Reputation: 67
I am looking to extend Silverstripe's CSVBulkLoader class to do some business logic before/upon import.
In the WineAdmin Class (extending ModelAdmin), I have a custom loader defined with $model_importers property:
//WineAdmin.php
private static $model_importers = [
'Wine' => 'WineCsvBulkLoader'
];
In the WineCsvBulkLoader Class, the $columnMap property maps CSV columns to SS DataObject columns:
//WineCsvBulkLoader.php
use SilverStripe\Dev\CsvBulkLoader;
class WineCsvBulkLoader extends CsvBulkLoader
{
public $columnMap = [
// csv columns // SS DO columns
'Item Number' => 'ItemNumber',
'COUNTRY' => 'Country',
'Producer' => 'Producer',
'BrandName' => 'BrandName',
// etc
];
Additionally, the $duplicateChecks property is set to look for duplicates.

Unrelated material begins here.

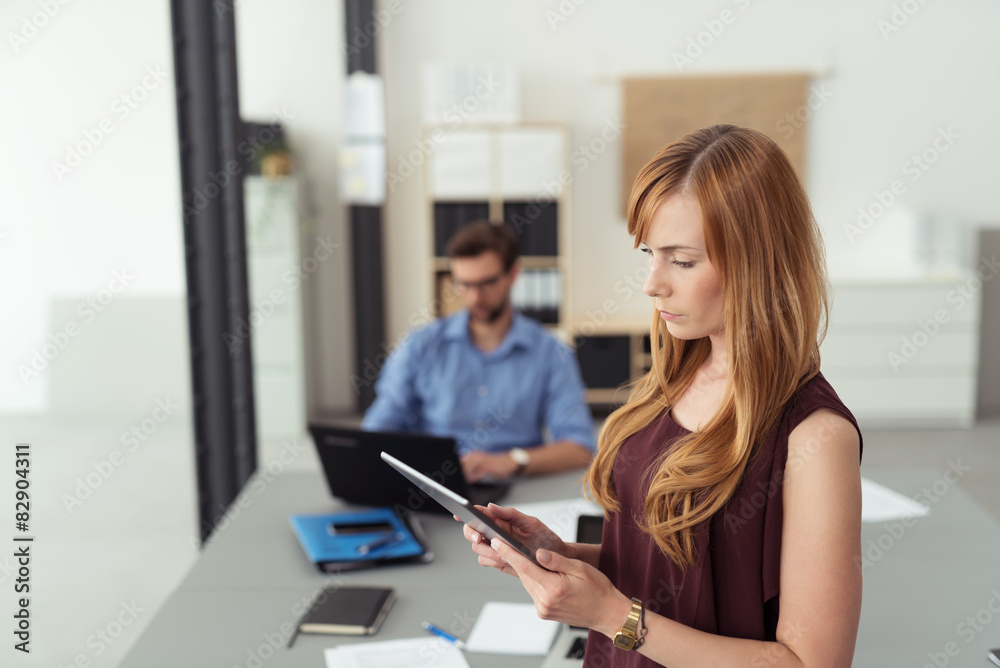 frau im büro liest am tablet-pc frau im büro liest am tablet-pc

public $duplicateChecks = [
'ItemNumber' => 'ItemNumber'
];
}
In the docs, I found some code for an example method that splits data in a column into 2 parts and maps those parts to separate columns on the class:
public static function importFirstAndLastName(&$obj, $val, $record)
{
$parts = explode(' ', $val);
if(count($parts) != 2) return false;
$obj->FirstName = $parts[0];
$obj->LastName = $parts[1];
}
Here are some additional enhancements I hope to make:
I'm not looking for a complete answer, but appreciative of any insights.
Upvotes: 1
Views: 517
Reputation: 24406
I'll attempt to answer some of your questions based on SilverStripe 4.2.0:
Judging by the logic in CsvBulkLoader::findExistingObject
the duplicateChecks property is used to help finding an existing record in order to update it (rather than create it). It will use defined values in the array in order to find the first record that matches a given value and return it.
What does the
$duplicateChecks
property actually do when there is a duplicate? Does it skip the record?

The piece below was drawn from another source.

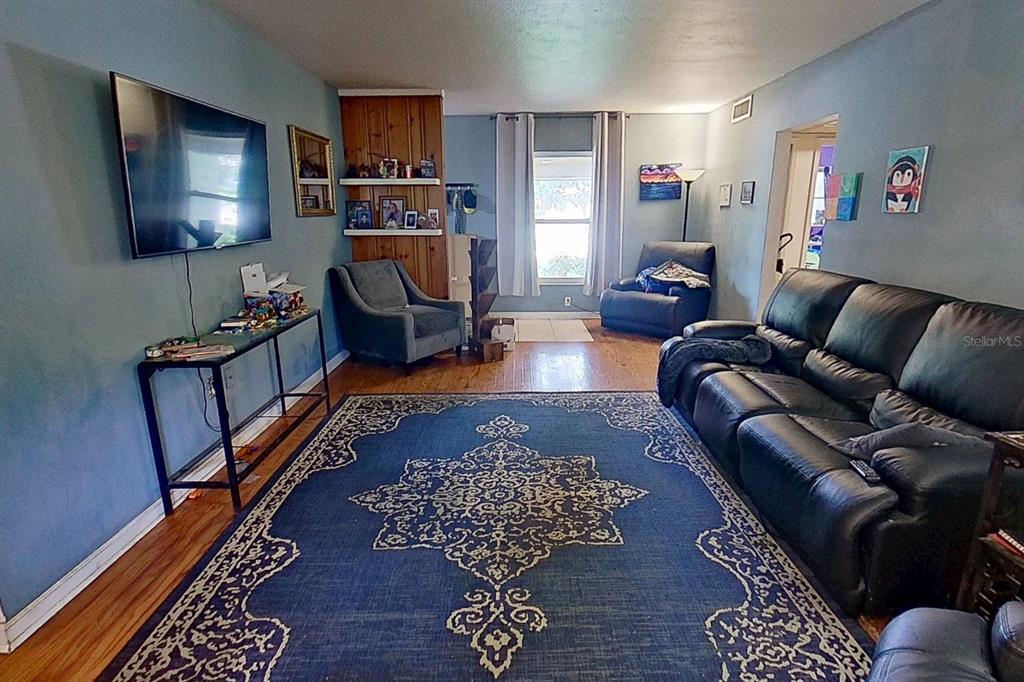 A living room with blue walls, a large area rug, a television, and leather furniture — 810 ORANGE VIEW DRIVE, LARGO, FL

Nothing, it will just return the first record it finds.
Can I use callbacks here?
Kind of. You can use a method on the instance of CsvBulkLoader, but you can't pass it a callback directly (e.g. from _config.php etc). Example:
public $duplicateChecks = [
'YourFieldName' => [
'callback' => 'loadRecordByMyFieldName'
]
];
/**
* Take responsibility for loading a record based on "MyFieldName" property
* given the CSV value for "MyFieldName" and the original array record for the row
*
* @return DataObject|false
*/
public function loadRecordByMyFieldName($inputFieldName, array $record)
{
// ....
Note: duplicateChecks callbacks are not currently covered by unit tests. There's a todo in CsvBulkLoaderTest to add them.
Is
$obj
the final import object? How does it get processed?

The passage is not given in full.